Top of DATA EXTRACT

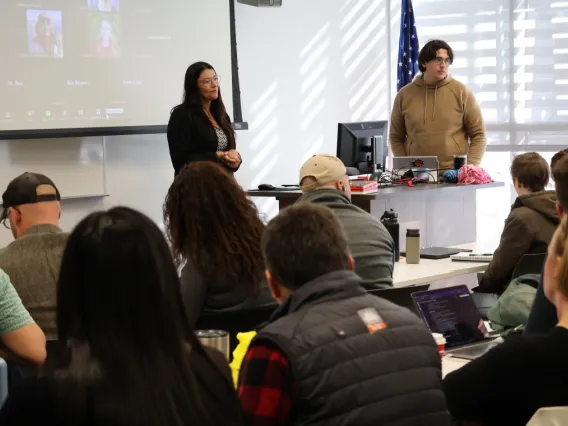 Desi Smal-Rodriguez (Northern Cheyenne Nation) leads a packed IDSov course with support from Public Health Ph.D. student William Carson (Ohkay Owingeh)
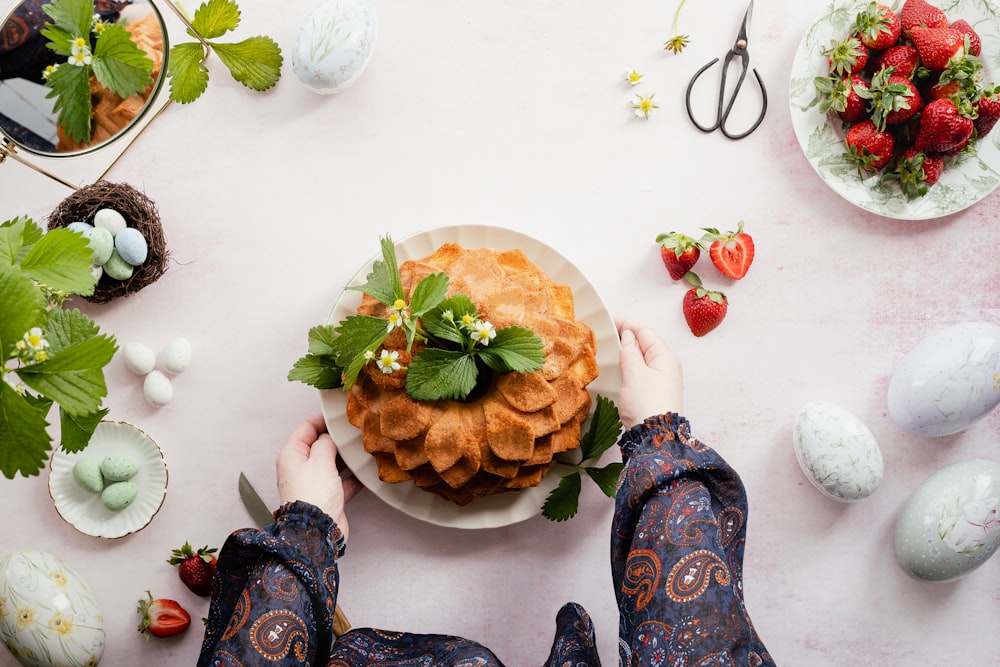 a person holding a plate of food on a table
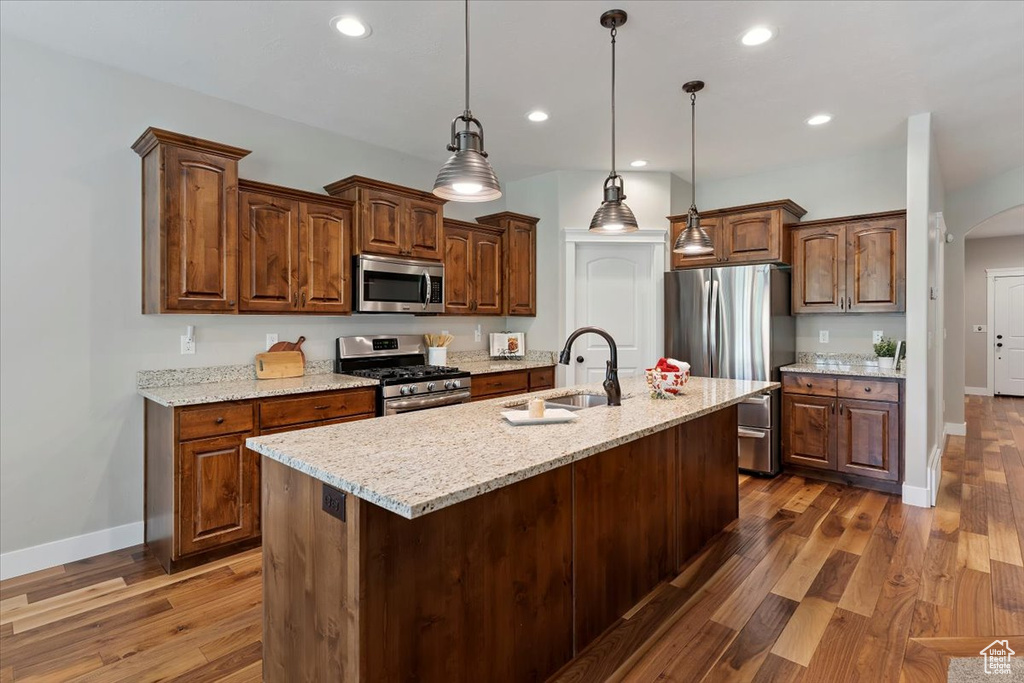 Kitchen with stainless steel appliances, arched walkways, dark wood finished floors, recessed lighting, and a center island with sink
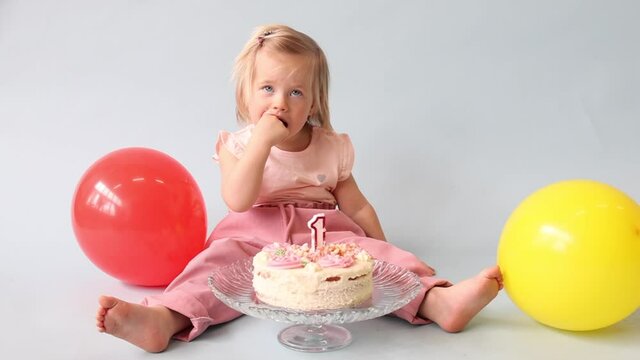 little beautiful blue-eyed girl celebrates her first birthday in the style smash a cake and she tastes her first birthday cake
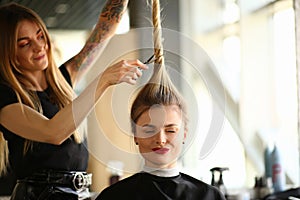 Tattooed Stylist Cutting Hair of Closed Eyes Woman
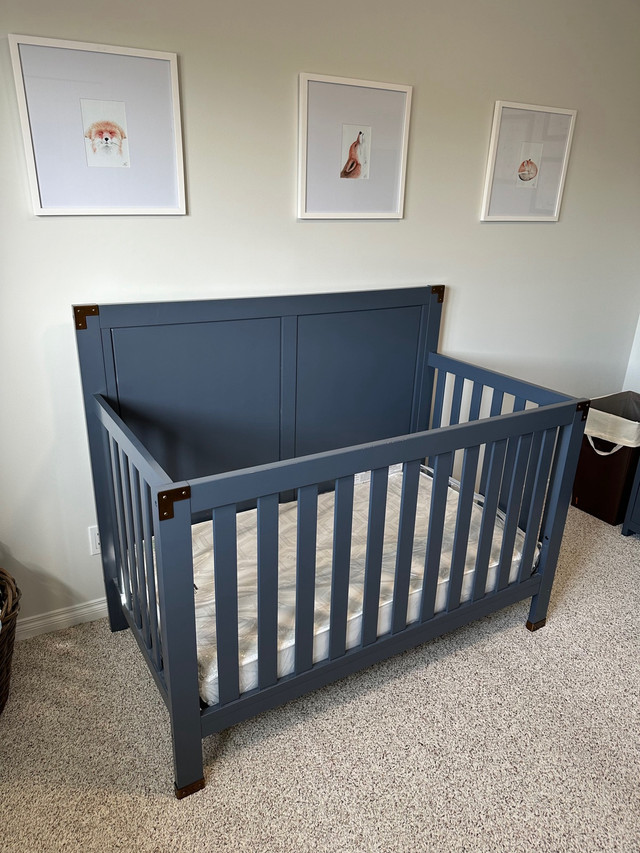Navy blue adjustable height crib in Cribs in St. Albert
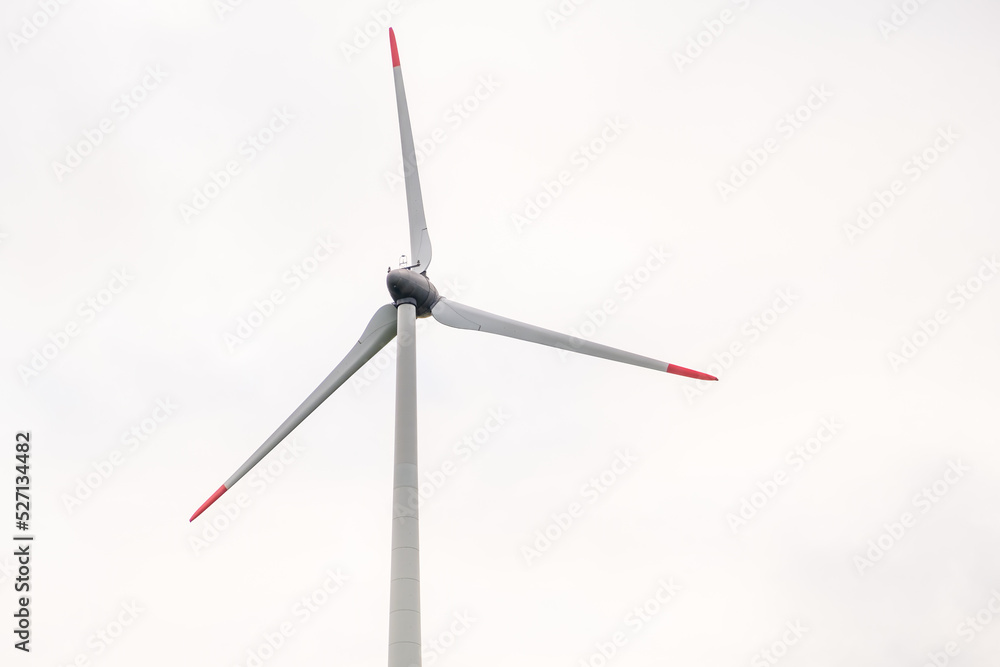 Windmill propeller against the grey sky. Generation of green energy. Windmill propeller against the grey sky. Generation of green energy.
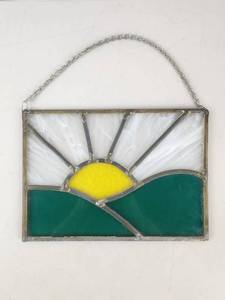 lot 45 image: Vintage Stained Glass Sun and Landscape Panel with Chain Hanger 10x7.5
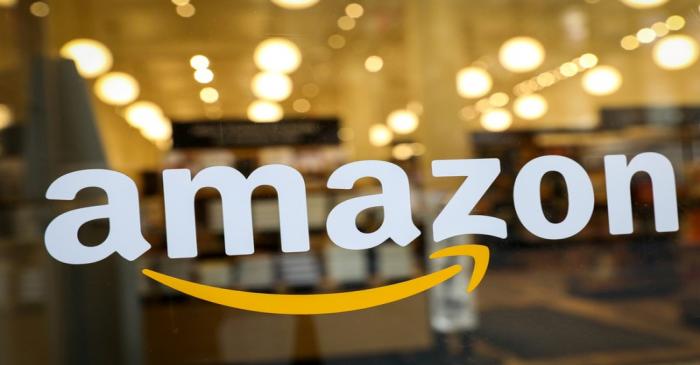 FILE PHOTO: The logo of Amazon is seen on the door of an Amazon Books retail store in New York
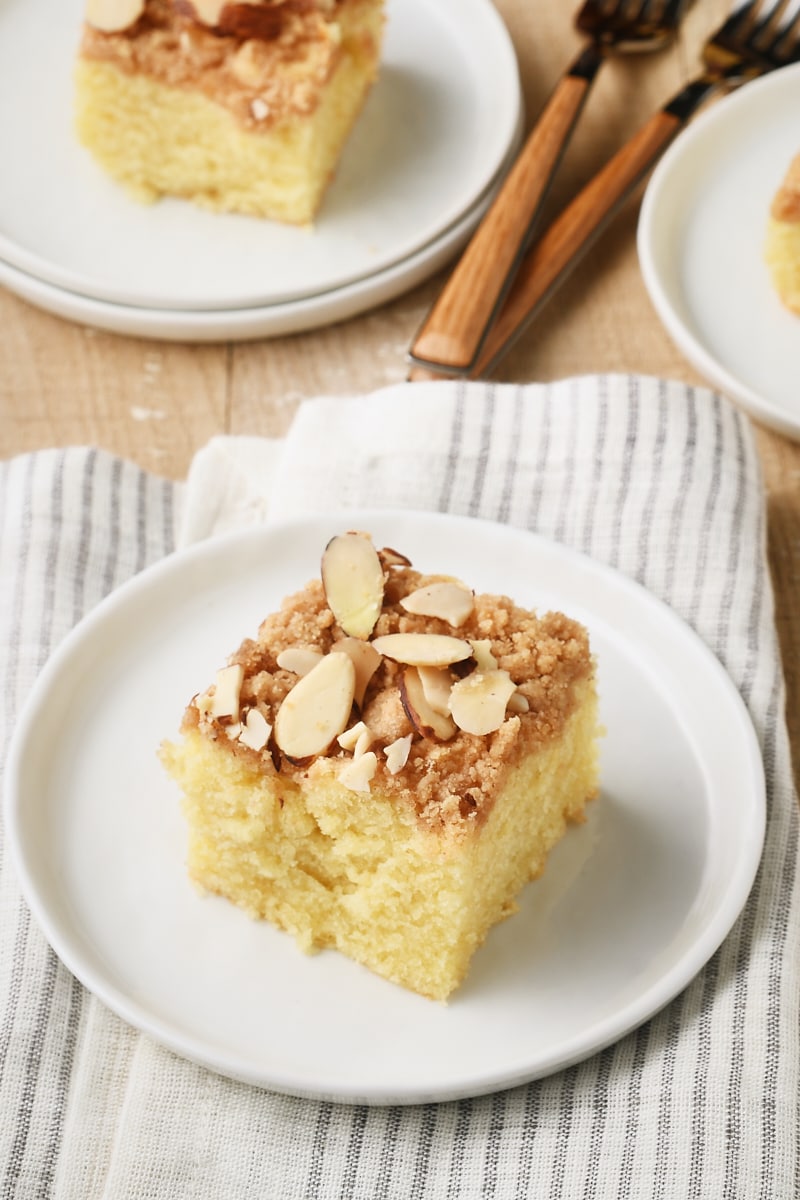 slice of Almond Crumb Cake on a round white plate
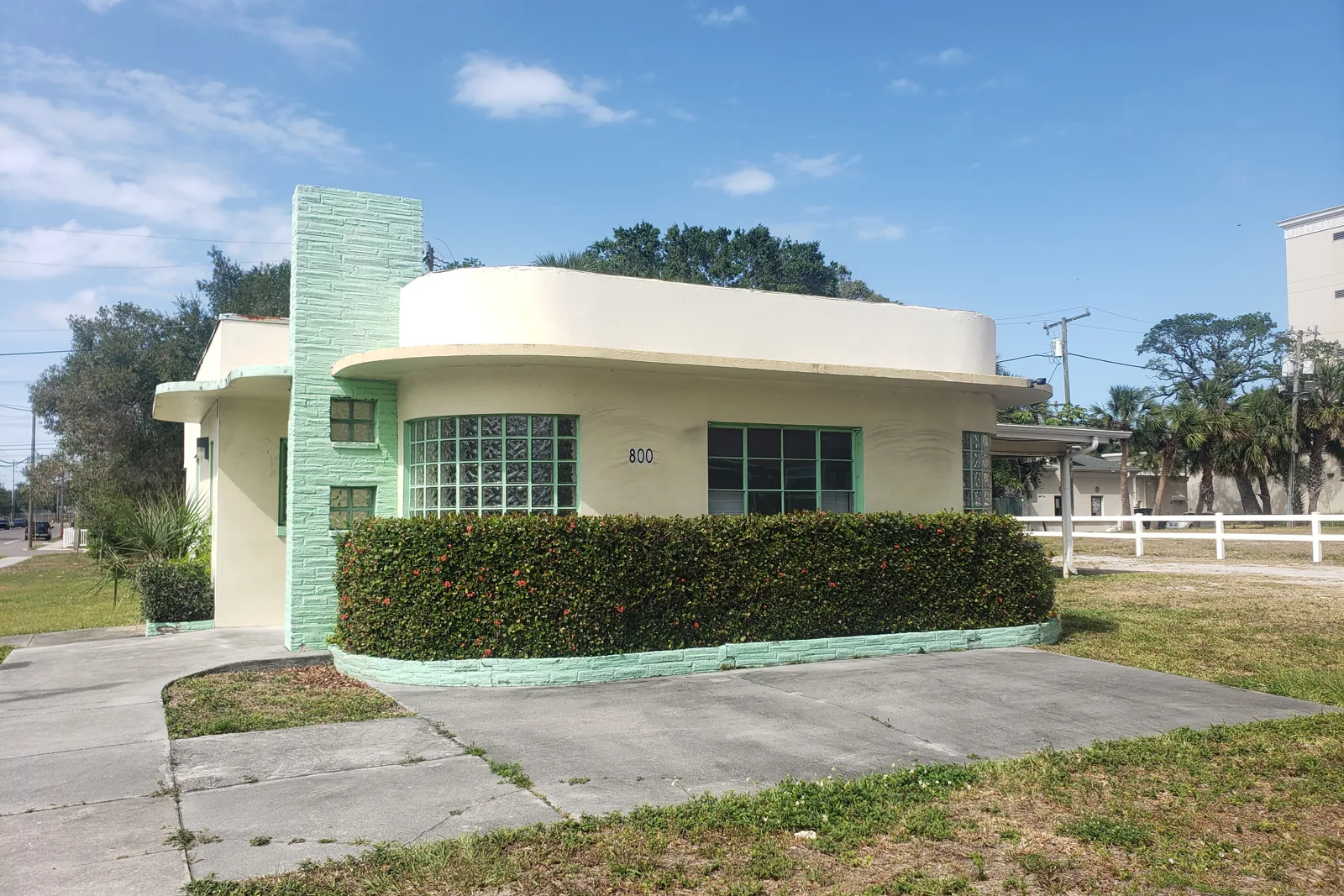 Streamline Moderne house with glass block windows and a green tile chimney on East Strawbridge Avenue in Melbourne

Bottom of DATA EXTRACT

From the records above, write out exactly the lines that begin at the line with "Tattooed Stylist Cutting" and end at the line with "lot 45 image: Vintage". Pictures must not appear in the output.

 Tattooed Stylist Cutting Hair of Closed Eyes Woman
Navy blue adjustable height crib in Cribs in St. Albert
 Windmill propeller against the grey sky. Generation of green energy. Windmill propeller against the grey sky. Generation of green energy.
 lot 45 image: Vintage Stained Glass Sun and Landscape Panel with Chain Hanger 10x7.5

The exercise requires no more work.